Seria da mais elementar justiça que se promovesse, juntamente com as restantes entidades, um acordo para o aumento percentual das verbas para o futebol, exclusivamente para os clubes construírem academias de formação. Cada 1% de aumento pressupõe um reforço de cerca de 5 milhões de euros.
Outra alteração necessária prende-se com a distribuição das receitas directas da exploração e prática das apostas desportivas à cota territorial, nos termos da lei (67/2015) que determina que somente 3.5% das mesmas sejam atribuídas às entidades objecto da aposta a repartir pelos praticantes, consoante o caso, e pela federação que organize o evento, incluindo as ligas se as houver. A necessidade de, também neste âmbito, procurar em sede legal uma justa proporcionalidade contribuindo para o modelo de financiamento do futebol em Portugal, novamente para a construção de Academias de Formação, aumentando este valor para uma cota territorial maior.
É necessário um novo modelo de financiamento alternativo para o futebol, na sua componente para a construção de academias de formação, se queremos inverter este ciclo.
A possibilidade de se criar um fundo para o futebol, através duma nova política pública desportiva, que permita aos clubes desenvolver actividades não remuneradas pelo mercado, e criar exclusivamente Academias de Formação para todos os Clubes, para que a política desportiva pública considere prioritárias promover socialmente, e cujo custo seja incomportável financiar através do mercado privado (financiamento bancário e outros) podendo, desta forma, fazer face aos custos de qualidade do desenvolvimento desportivo do futebol em Portugal, ao desejado equilíbrio financeiro e às dificuldades que surgirão seguramente depois deste período de confinamento, e das implicações que já se fazem sentir em todos os clubes de futebol dos diversos escalões.
A realidade que temos vivido, suportada num modelo que importa alterar, permitiu à Federação Portuguesa de Futebol viver um período áureo, onde os resultados desportivos alcançados pela selecção nacional foram muito mais fruto do esforço que os clubes fizeram para formar e capacitar os seus jogadores, do que da política pública de apoio ao futebol.
Criou-se efectivamente um modelo que praticamente tem vindo a “secar” as fontes alternativas de financiamento dos clubes, com a complacência (ou conivência) da Federação Portuguesa de Futebol, que olhou só para o curto prazo, que apoiou a criação dum quadro competitivo que praticamente só pensou nas receitas que a própria federação e os grandes clubes que participavam nas competições europeias poderiam gerar e, diga-se em abono da verdade, permitiu que a regulação, que deveria ser o principal foco de qualquer federação desportiva, passasse para plano secundário.
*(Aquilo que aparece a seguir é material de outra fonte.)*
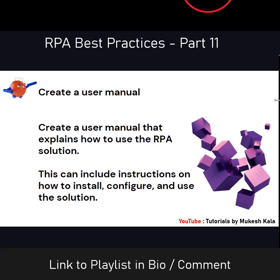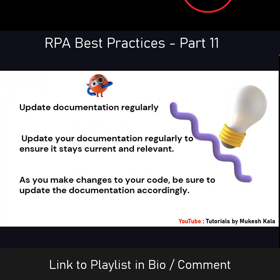The next best practice is to create a user manual. Once your automation has been completed and deployed, if somebody has to use that product, how would they know what is required? A user manual should include details such as how to install it, how to configure it, what software and versions are required, what to do in case of an exception or error. It is mostly for the end user — the business — for example, what should the business do when it gets a business exception? Whether to raise a support ticket, reach out to the developer, or go to Orchestrator — all of this should be explained in the user manual.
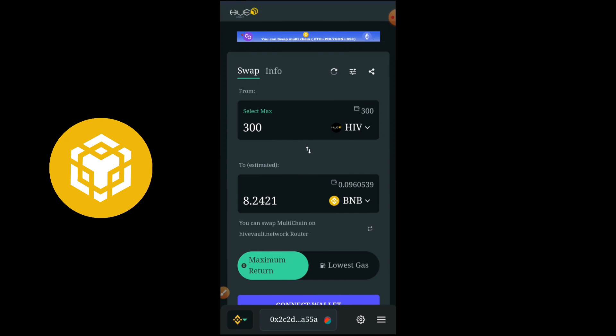Hey, what's up guys, welcome back to my channel. This is Crypto Zone and I'm glad you joined us. In today's video, I'll be showing you guys how you can be able to make up to 8.2421 BNB using the Heave Vault network, so stick around and don't go away.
Não importa aqui e agora entrar num processo de críticas (ainda que possam ser sempre construtivas) para dissecar o estado em que se encontra o futebol, e a relação da federação com os clubes em Portugal.
Será seguramente um tema para debate interno que deveremos estar todos disponíveis para realizar, sem exclusão de qualquer interveniente, por muito que possamos discordar de algumas posições, para que se possa exigir que o estado português passe a olhar para a indústria do futebol, e para a modalidade amadora, com respeito e consideração, a bem do futebol português.